Katarina, it would seem, proved to be a more dangerous dame once for her second-in-line than she was for her first love... I have at least one friend on the now-battered coastline, and I wonder for the safety of he and his even as we speak. My home went without power for the majority of three days, while he may not pass through unscathed, and the disparity between these situations is not lost on me.

I can only wish him well.

That's all I have for now, but there's a chance that the bug has bitten me again... perhaps this place will see a quick dusting every day or more.

We'll see, right?

Monday, April 25, 2005

The Creep

Time is all about perspective.

This isn't deep, it's not new, and I'm not saying it for you. I am saying it to you, but not for you. I'm saying it for me.

Time is all about perspective.

It seems, to me, like years are starting to slip by. In the golden days of my teens I was lucky (or so it'd seem at times) if an hour slipped by, and when months began to creep out the door two at a time during my college days I was quite shocked.

For several months now I've been trying to plan the next few years of my life; you know this because I've mentioned it before. Plans change, break, twist, and shift... but they're good to have, if for no other reason than to measure how different the future can be from the ideas that rattle around inside our heads. That's not what's at issue here.

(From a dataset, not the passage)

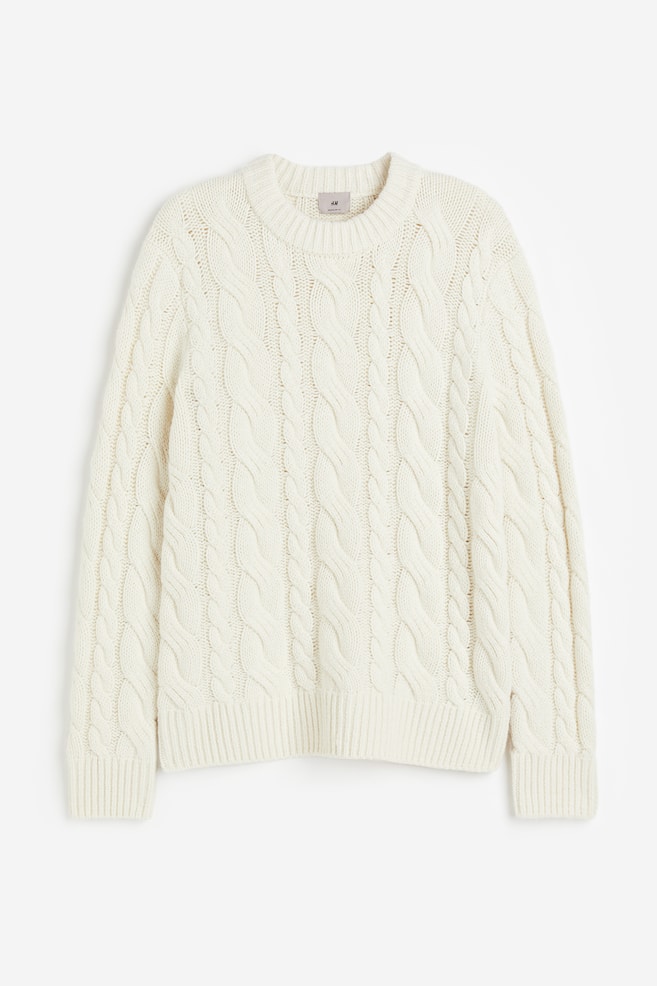 Regular Fit Wool-blend cable-knit jumper - Cream - 1
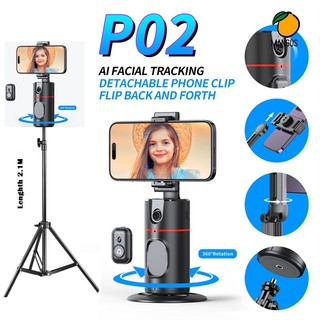 Giá đỡ Gimbal P02 Tay Cầm Chống Rung Điện Tử Nhận diện khuôn mặt AI 360° Gimbal Điện Thoại Chống Rung Mango Ovil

The point is that, despite that planning, I hadn't yet had The Thought that has prompted me to run around in metaphorical circles for six poorly-planned paragraphs; I caught myself thinking of how damn quickly the four years of my students are passing. I actually thought to myself, "Next year my first class will have become Juniors, and then it's only one more year. Why did I think highschool was so long?"

That's a scary thing to think, giving all sorts of perspective on my future, my age, future attempts at education, and the people that have had those thoughts as they aged before me.

I close a chapter of my life in the next two months, but it's a chapter that's run on to cheap pulp novella long ago and is already over in everything but name. Is it 'Chapter Three: After the Diploma,' or 'Chapter Four: Now For the Happily Ever After'? I don't know.

But I do know things are always changing. You can see it in the papers, on the streets, and on the little bits of knowledge streaking around at the speed of light. People who complain that "nothing ever changes"aren't paying attention to the right things; they watch the horizon and get hit by the guy in the truck.

Change is the only way we have to measure time. And time is all about perspective.